The UK has excellent national-scale LiDAR coverage. The Environment Agency’s composite products cover ~99% of England at 1 m resolution, and Scotland’s Remote Sensing Portal provides comparable data. From these, we compute a standard Canopy Height Model: CHM = DSM - DTM, where the Digital Surface Model captures the top of canopy and the Digital Terrain Model gives bare-earth elevation.

This is a deliberate choice. Where high-quality, survey-grade elevation data already exists at scale, there is no need to train a model to approximate it. Instead, our ML outputs (individual crown masks and bounding boxes) become the spatial queries: we extract per-tree height statistics directly from the CHM within each predicted crown boundary.

This approach also demonstrates something we think is important: geospatial AI doesn’t need to replace existing national EO infrastructure. It can plug into it.

What This Pipeline Delivers

At the end of this pipeline, every detected tree has a crown boundary, a species classification, and a height measurement, each derived from an auditable, inspectable intermediate. This is the measurement stack that will underpin interpretability of our biomass estimation. When a stakeholder asks why a particular carbon number was produced, we can show the crown mask, the species call, and the height measurement that validate it.

Zooming out, the combination of foundation modelling and task-specific experts gives us several properties that matter for a growing market:

Rapid adaptation.

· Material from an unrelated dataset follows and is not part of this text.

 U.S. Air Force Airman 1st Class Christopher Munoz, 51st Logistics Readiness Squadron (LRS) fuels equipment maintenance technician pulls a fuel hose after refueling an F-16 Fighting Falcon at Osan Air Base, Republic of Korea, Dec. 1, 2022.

New domain, new indicators, new regulatory shifts, or new geographies: we adapt robust foundational learners instead of rebuilding from the ground up.

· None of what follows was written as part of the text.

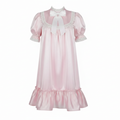 Pink nightgown with lace details on a white background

High accuracy even in low-label regimes. High-quality, audited annotations are enough to reach target accuracy, because the foundation has already learned the structure of the data.

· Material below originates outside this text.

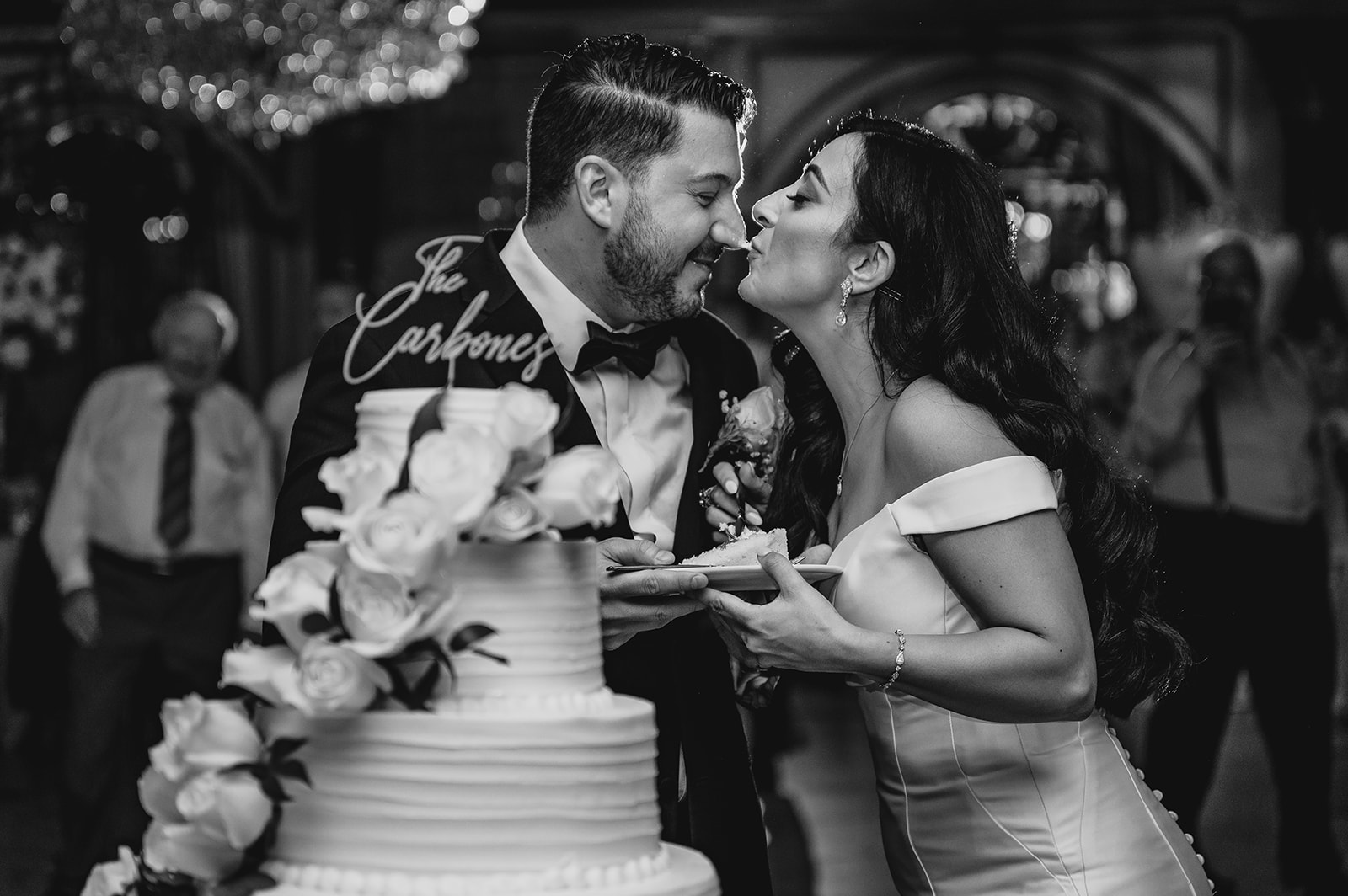 bride and groom kiss after sharing cake at wedding reception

Lower failure modes via task segmentation. We deploy many expert models that focus on small tasks to mitigate errors and increase performance.

Interpretability. Some experts predict intermediate measures (canopy height, species detection, bare-peat extent) to ensure visibility into factors influencing carbon numbers and decision-making around project quality.

Direct indicators. Certain experts also predict direct measures, for example, imagery-to-biomass estimates or wetness indices. We believe models can sometimes create better intermediate abstractions than humans, and these measures, although not yet compliance-ready, should flow alongside more stringent measurement protocols. Deep learning models have already shown an RMSE under 30 on biomass estimation, laying a strong foundation for more high-frequency dMRV that meets upstream reporting timelines.

Where This Goes

UK restoration needs models that are accurate, resilient, and auditable. Foundation models give us stability across fragmented data. Expert models give us the specificity and interpretability that compliance demands. Together, they let us build a measurement system that improves continuously with new data, without starting from scratch, and that can show its working at every step from raw pixel to carbon number.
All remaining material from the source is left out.